Max Judd Tries to Intercept US Title, 1904

  • With US Champion Harry Nelson Pillsbury ill and dying, Max Judd tried to arrange the Seventh American Chess Congress in Saint Louis in 1904, with the stipulation that the US title be awarded to the winner.

  • Judd disputed Pillsbury's ownership of the title by challenging the legitimacy of the the whole succession since the time of Mackenzie, disputing Lipschutz's claim to have acquired the title at New York 1889, and everything that had happened since then.

  • Pillsbury, from bed objected to Judd's plans, and prevailed on his friend, the lawyer Walter Penn Shipley to intercede.

  • Press and public against him, Judd's claim went nowhere.
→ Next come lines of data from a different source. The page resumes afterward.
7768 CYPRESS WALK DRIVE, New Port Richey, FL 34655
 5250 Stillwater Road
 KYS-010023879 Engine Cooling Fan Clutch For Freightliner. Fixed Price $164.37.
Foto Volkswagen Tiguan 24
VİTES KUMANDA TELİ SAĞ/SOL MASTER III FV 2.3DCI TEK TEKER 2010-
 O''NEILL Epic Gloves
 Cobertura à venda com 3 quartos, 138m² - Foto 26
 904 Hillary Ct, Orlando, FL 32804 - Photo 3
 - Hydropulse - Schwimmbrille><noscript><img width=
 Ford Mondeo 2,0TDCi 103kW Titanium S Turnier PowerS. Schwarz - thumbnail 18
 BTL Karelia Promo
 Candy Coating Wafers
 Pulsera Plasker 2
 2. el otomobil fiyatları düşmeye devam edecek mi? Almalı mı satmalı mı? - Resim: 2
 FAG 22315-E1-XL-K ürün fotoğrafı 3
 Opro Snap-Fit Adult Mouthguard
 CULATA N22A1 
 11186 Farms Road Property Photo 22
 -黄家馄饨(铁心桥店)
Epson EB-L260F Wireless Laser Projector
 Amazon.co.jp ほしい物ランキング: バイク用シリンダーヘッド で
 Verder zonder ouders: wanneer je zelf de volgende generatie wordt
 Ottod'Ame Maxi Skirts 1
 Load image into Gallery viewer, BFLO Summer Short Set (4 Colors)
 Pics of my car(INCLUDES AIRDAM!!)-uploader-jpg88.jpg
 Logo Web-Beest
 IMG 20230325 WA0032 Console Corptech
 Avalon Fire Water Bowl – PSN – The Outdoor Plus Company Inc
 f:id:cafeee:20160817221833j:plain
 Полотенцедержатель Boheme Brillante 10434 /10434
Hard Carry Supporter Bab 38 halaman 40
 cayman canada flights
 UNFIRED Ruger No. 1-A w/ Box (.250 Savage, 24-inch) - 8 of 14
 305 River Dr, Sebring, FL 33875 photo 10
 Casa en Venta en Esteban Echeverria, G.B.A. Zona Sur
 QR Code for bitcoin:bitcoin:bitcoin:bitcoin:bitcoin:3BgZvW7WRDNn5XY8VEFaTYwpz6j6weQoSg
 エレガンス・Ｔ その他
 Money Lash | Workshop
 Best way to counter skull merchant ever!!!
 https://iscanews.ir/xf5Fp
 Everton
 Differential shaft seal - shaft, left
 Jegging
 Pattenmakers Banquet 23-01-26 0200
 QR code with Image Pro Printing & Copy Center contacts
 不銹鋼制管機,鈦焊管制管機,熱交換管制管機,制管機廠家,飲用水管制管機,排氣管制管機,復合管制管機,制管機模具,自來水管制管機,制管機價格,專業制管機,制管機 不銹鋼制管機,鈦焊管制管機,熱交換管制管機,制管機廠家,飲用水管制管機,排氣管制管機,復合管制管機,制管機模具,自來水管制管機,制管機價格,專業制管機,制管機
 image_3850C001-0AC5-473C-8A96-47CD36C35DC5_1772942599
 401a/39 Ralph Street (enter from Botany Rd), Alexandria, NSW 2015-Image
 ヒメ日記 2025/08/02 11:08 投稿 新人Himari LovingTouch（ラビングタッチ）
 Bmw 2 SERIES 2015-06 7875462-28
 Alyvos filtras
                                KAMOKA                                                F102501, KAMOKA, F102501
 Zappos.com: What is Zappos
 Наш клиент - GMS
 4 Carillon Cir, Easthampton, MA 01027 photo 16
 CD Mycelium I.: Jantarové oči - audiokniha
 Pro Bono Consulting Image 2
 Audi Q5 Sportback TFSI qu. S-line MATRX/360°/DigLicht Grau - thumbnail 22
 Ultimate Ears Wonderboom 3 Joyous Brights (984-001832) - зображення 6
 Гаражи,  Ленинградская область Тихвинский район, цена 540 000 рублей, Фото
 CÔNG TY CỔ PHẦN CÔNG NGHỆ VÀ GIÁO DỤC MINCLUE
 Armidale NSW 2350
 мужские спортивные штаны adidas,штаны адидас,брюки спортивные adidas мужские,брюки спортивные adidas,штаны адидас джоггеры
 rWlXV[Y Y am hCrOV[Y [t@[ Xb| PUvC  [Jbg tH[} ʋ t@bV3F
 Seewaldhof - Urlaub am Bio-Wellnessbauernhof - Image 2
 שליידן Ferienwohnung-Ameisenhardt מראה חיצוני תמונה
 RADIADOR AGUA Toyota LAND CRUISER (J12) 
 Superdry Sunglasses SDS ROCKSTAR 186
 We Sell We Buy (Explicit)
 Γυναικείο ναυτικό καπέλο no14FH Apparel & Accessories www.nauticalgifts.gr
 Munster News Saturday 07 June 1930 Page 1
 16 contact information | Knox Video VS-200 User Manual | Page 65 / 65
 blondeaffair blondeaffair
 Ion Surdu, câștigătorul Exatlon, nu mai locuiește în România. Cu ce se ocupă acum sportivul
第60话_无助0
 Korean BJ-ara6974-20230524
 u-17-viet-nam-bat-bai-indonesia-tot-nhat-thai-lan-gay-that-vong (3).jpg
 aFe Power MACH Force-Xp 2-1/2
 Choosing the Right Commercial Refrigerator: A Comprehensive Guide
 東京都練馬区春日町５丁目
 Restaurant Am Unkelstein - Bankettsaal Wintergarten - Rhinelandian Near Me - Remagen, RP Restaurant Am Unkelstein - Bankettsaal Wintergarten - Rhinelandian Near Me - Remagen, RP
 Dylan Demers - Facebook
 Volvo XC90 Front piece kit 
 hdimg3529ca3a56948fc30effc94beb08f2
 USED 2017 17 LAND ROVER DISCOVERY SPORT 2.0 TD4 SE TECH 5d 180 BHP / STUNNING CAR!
  • Judd's tournament was held anyway, and said to be for "The United States Tourney Championship", a title explicitly said to have no relation to the United States Championship title held by Harry Nelson Pillsbury. (NOTE: Some of my sources say that this didn't happen until after the fact, and that Marshall was actually named US Champion at the conclusion of this tournament, but that he didn't accept it as valid. I'm not sure what the truth of this is yet, or under what circumstances the Capablanca-Marshall match was arranged as being for the US Championship.

  • The tournament was won by Frank Marshall, kissing goodbye to Judd's remaining hopes. The United States Tourney Championship, as something existing separately from the US Title, was forgotten perhaps even faster than Siegbert Tarrasch's 1907 "World Tournament Champion" title.

  • The Crosstable from Judd's tournament: 7th American Chess Congress
    Saint Louis, 1904
                    1 2 3 4 5 6 7 8 9 0
     1. Marshall    x 1 1 1 1 1 1 1 ½ W   8½- ½
     2. Judd        0 x 0 1 1 1 W 1 1 1   7 -2
     3. Uedemann    0 1 x W 1 1 0 0 1 W   6 -3
     4. Kemeny      0 0 L x 1 W 1 0 1 W   5 -4
     5. Schrader    0 0 0 0 x ½ 1 1 1 1   4½-4½
     6. Eisenberg   0 0 0 L ½ x 1 1 1 1   4½-4½
     7. Jaffe       0 L 1 0 0 0 x W 1 1   4 -5
     8. Schwietzer  0 0 1 1 0 0 L x 0 W   3 -6
     9. Mlotkowski  ½ 0 0 0 0 0 0 1 x 1   2½-6½
    10. Schrader    L 0 L L 0 0 0 L 0 x   0 -9

  • Presented below is a written exchange between Judd and Walter Shipley, which is extremely informative in showing how the history of the US Title was regarded at this time in history.

    Judd's Letter to Pillsbury
    St. Louis, Mo., September 30, 1904
    Mr. Harry Nelson Pillsbury

    Sir, Your letter of the 28th received. You are unnecessarily excited about nothing. You seem to think, and you wrote so, that I wished to rob you of your well-earned titles, and this is not so. If anyone is entitled to being called the champion of the United States it is H. N. Pillsbury; but what I maintain is this, that beating Showalter and Barry, etc., never entitled you to the championship, for Showalter, when he played you, was not champion of the United States.

    Or, to put it differently, let us say that Pillsbury has moved away from the United States and gone to live in Australia for good; then comes Napier, and challenges Marshall for the championship of the United States. Does it seem to you proper that the winner should be called champion of the United States?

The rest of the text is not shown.